Marina Shkvyria, a wolf expert at the Ukraine’s National Academy of Sciences and one of a handful of scientists who follows Chernobyl’s wildlife, predicts that the growing beaver population will eventually return the land to bogs, as it was a hundred years ago. “The beaver in Ukraine is exactly like the elephant in Africa: it completely changes the look of the landscape.”
To Beasley, the success of animals in Chernobyl and Fukushima carries a mixed message. “To me, it’s really a sobering reminder and a pretty dramatic example of the impacts that humans have on ecosystems,” he told TED in 2020. His research shows that human presence in an area may actually be worse for animal populations than radioactive contamination; humans appear to stress an ecosystem simply by living in it.
One of the world’s endangered animals is thriving in Chernobyl. Przewalski’s horse, the last remaining sub-species of wild horse, became extinct in the wild by the mid-1950s, except in Mongolia. Between 1998 and 2004, 36 horses were released in the Chernobyl exclusion zone; their numbers have now almost doubled. Beasley’s camera traps groups of the wild horses gathering in Chernobyl’s abandoned houses and barns. “Wildlife are really resilient, and I think that’s a good example of that resiliency,” he says.
The group of Ukrainian and UK scientists who created the Chernobyl Spirit Company think that resiliency can extend to people as well. They have spent their careers working on the consequences of Chernobyl nuclear disaster and are committed to supporting Ukraine’s long recovery.
“More than thirty years after the accident, we believe that what these areas need most is economic development and management of the unique wildlife resource the abandoned areas represent,” they say. “At least 75% of profits from sales of ATOMIK will go to supporting communities in the affected areas and wildlife conservation.”

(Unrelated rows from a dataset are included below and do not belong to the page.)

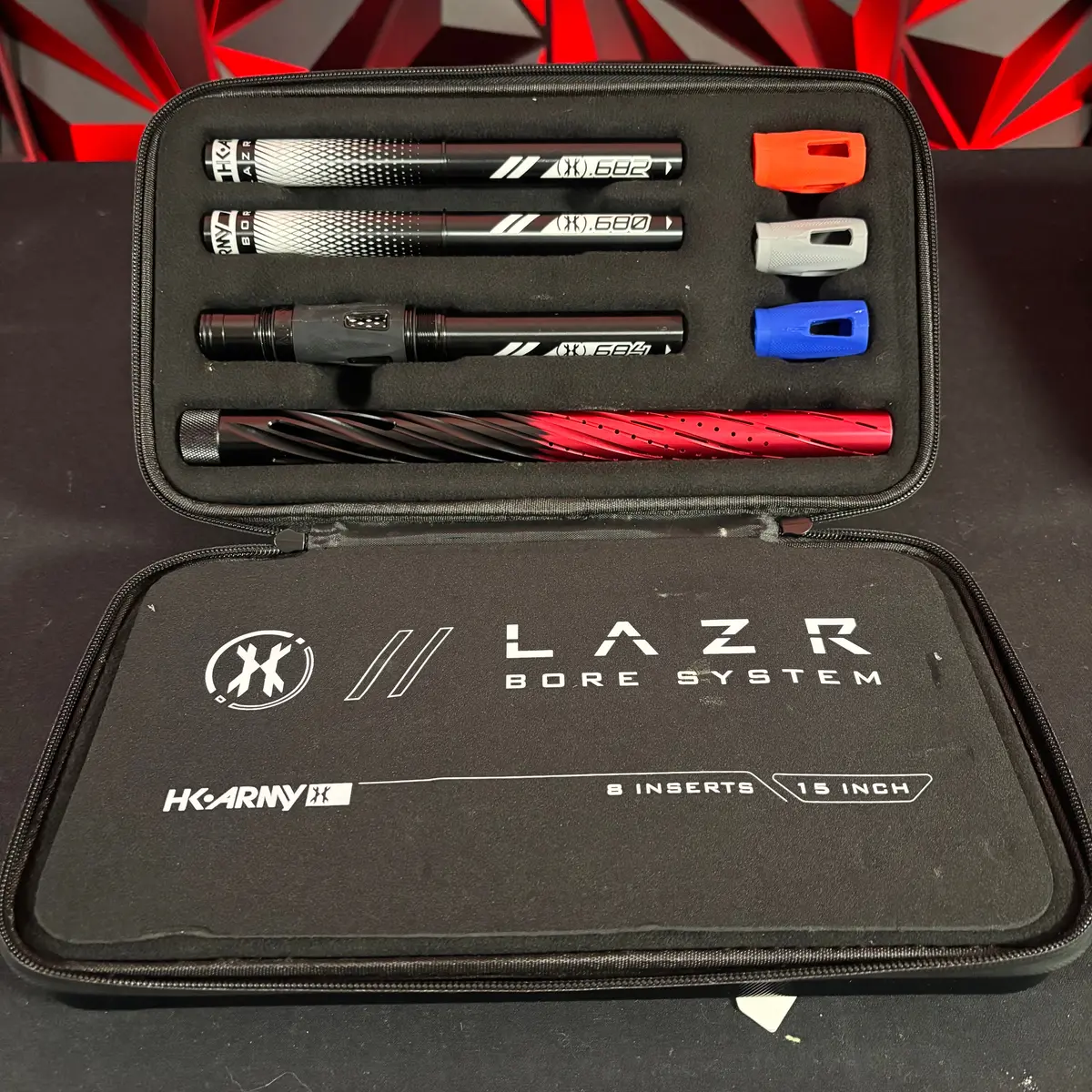 Used Hk Army Lazr Barrel Kit - Orbit /W Black Inserts 1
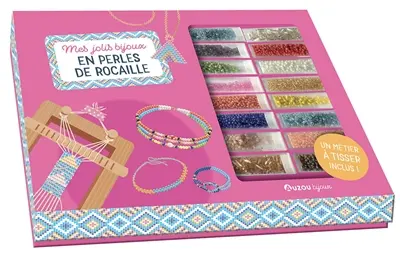 Mes jolis bijoux en perles de rocaille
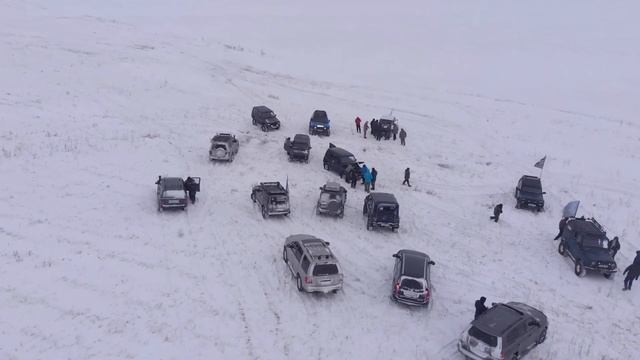 Покатушки 24 11 2019. OFF Road Караганда. смотреть онлайн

They have studied the transfer of radioactivity to crops in both the main exclusion zone and in Narodychi district, which is within an area known as the ‘zone of obligatory resettlement’. Their research shows that in many areas, land could now be used to produce crops that are safe to eat. Distilling fermented grain leaves many heavier elements in the waste product so distillate alcohol is more radioactively “pure” than the original grain, they say, making it possible to make a Chernobyl product that people will want to consume.
They worked with the Palinochka distillery to produce a kind of ‘apple jack’ made from apples grown in Narodychi, which is still inhabited. But in early May, a first batch of 1,500 bottles intended for shipment to the US was seized by Ukrainian authorities.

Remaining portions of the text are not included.